The town hall meeting, scheduled to air Wednesday night, was delayed by Fox News because of the ongoing live coverage of protests in Charlotte, North Carolina, after police there were involved in the fatal shooting of Keith Scott, an African American man whom they claimed was armed. His family has denied those reports. In the course of the protests, one person was on life supprt in what city authorities said was a “civilian-on-civilian shooting”.

The Republican nominee also addressed the police shooting of Terrence Crutcher, an unarmed African American, on Friday in Tulsa, Oklahoma. “I don’t know if she choked,” Trump said of the policewoman who allegedly killed Crutcher. “He was walking, his hands were high, he was walking to the car, he put the hands on the car — now maybe she choked, something really bad happened.”

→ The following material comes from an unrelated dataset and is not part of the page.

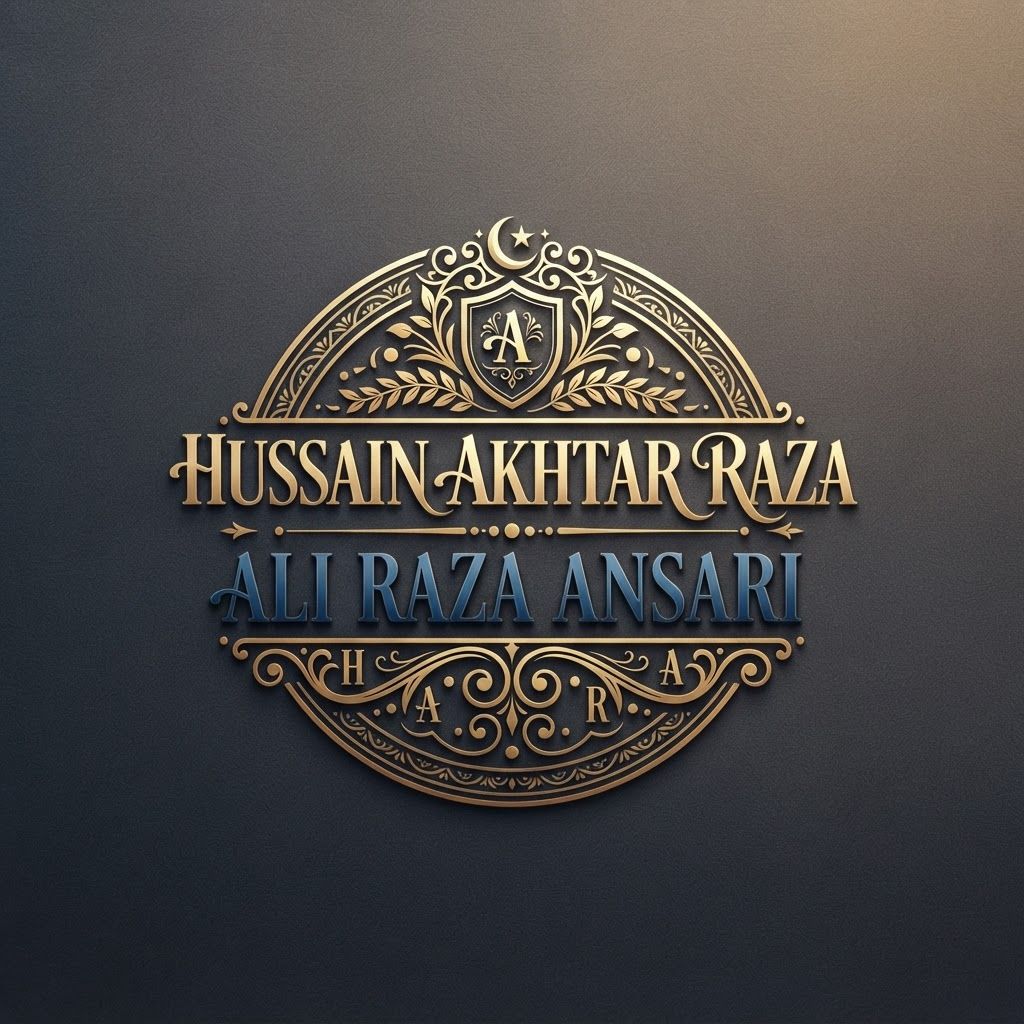 AI Design for PLEASE MAKE A NAMES LOG ON THE NAME HUSSAIN AKHTAR RAZA AND ALI RAZA ANSARI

Trump also reiterated other familiar talking points in his efforts to reach out to black voters. He described the crime in Chicago as “worse than Afghanistan”, a label which the Republican nominee has frequently used for much of what he calls “the inner city”. He also proclaimed of the inner city that “it’s so unsafe, where you walk down the street and you get shot, or your child gets shot.” While crime rates have slightly increased in the past year, violent crime is at roughly a quarter of the level that it was 20 years ago.

But while Trump is polling in single digits among black voters, he did not face any scrutiny over his troubled relationship with the African American community including his longstanding insistence that Barack Obama was not born in the US, and a history of housing discrimination lawsuits against Trump-owned real estate projects. Although Trump seemingly acknowledged that Obama was born in the United States on Friday at a peculiar press event held in a Washington hotel, he told an interviewer on Wednesday that he only abandoned the birther conspiracy theory because “I wanted to get on with the campaign. A lot of people were asking me questions”.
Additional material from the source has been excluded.